Once you answer, the assistant can recommend realistic paths:
- Isolate global state leakage
- Remove hidden real-time dependencies
- Make timers deterministic
- Reduce parallel contention
But the point is: you don’t want that list until you know which world you’re in.
Example 2: “Why is my Docker image huge?”
If you ask “How do I reduce it?”, you’ll get 20 generic tips.
Instead:
Clarification pass first (no solutions yet).
Issue: Our Docker image went from 350MB to 1.2GB.
We didn’t change the app much.
We build on GitHub Actions and deploy to Kubernetes.
Targeted questions might include:
- What base image did you use before/now? (Alpine → Debian is a classic jump)
- Is the image multi-stage? If yes, are you copying the right build outputs only?
- Are you accidentally copying
.git/,node_modules/, or build caches? - Do you use
npm ciornpm installin the image? - Did you add browsers (Playwright/Puppeteer) or PDF tooling?
- Can you share
Dockerfileand.dockerignore?
That last question (.dockerignore) is the hidden killer.
Example 3: “Help me design an API”
For design work, question-first prompts are even more important because the “right” answer depends on product choices.
Your prompt
Ask clarification questions first.

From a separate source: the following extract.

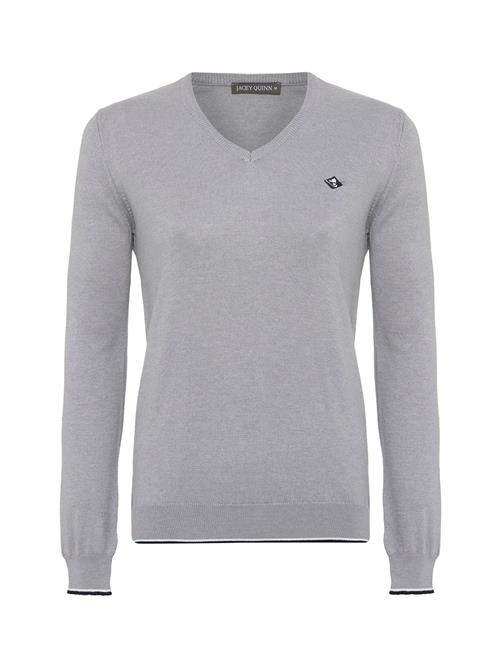 Se Jacey Quinn Pullover  grå / sort / hvid ved About You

Do not design yet.
Task: Design an API endpoint to create an invoice.
We have users, customers, line items, and taxes.
Categories that matter
- Domain rules: Can invoices be edited after sending? Are there credit notes?
- Idempotency: Will clients retry? Do you need idempotency keys?
- Validation: Do you reject unknown tax codes? Do you allow drafts?
- Security: Is it multi-tenant? What is the authorization model?
- Integrations: Does it connect to payment providers or accounting?
If you don’t answer those, you’ll get an endpoint that looks tidy but fails in production.
“Question-first” patterns you can reuse
Here are three patterns I reach for constantly.
1) The “minimal reproducible example” gate
Ask questions until you can express the issue as a minimal reproducible example.
Do not propose fixes until you can state the MRE.
This forces the assistant to shrink the problem, not expand it.
2) The “constraint lock”
Before solving, confirm these constraints:
- No new dependencies
- Must be backwards compatible
- Must pass existing tests
- Must keep p95 latency under 200ms
If any constraint is incompatible, say so and ask which one can move.
The best solution is often “change the constraint,” but you only get that if you name constraints explicitly.
3) The “data request with safe boundaries”
Ask for the minimum data needed.
If you request logs or code, specify exactly which sections and redact secrets.
This protects you from oversharing and makes the assistant’s job easier.
A practical way to use this day-to-day
You don’t need to do this for every question.
Use Question-First Prompting when:
- The problem is ambiguous (“it doesn’t work”)
- The cost of a wrong answer is high (production incidents, security, migrations)
- There are hidden constraints (compliance, dependencies, timelines)
- You’ve already tried 1–2 things and you’re now guessing
Skip it when:
- You want a quick snippet (regex, small utility)
- You already have a tight spec and complete context
The 30-second checklist
Before you hit “send”, add one sentence:
- “Ask clarifying questions first; no solutions yet.”
Then be ready to answer:
- Environment
- Repro steps
- Expected vs actual
- Constraints
- Data you can share
You’ll get fewer “magic fixes”… and far more answers you can actually ship.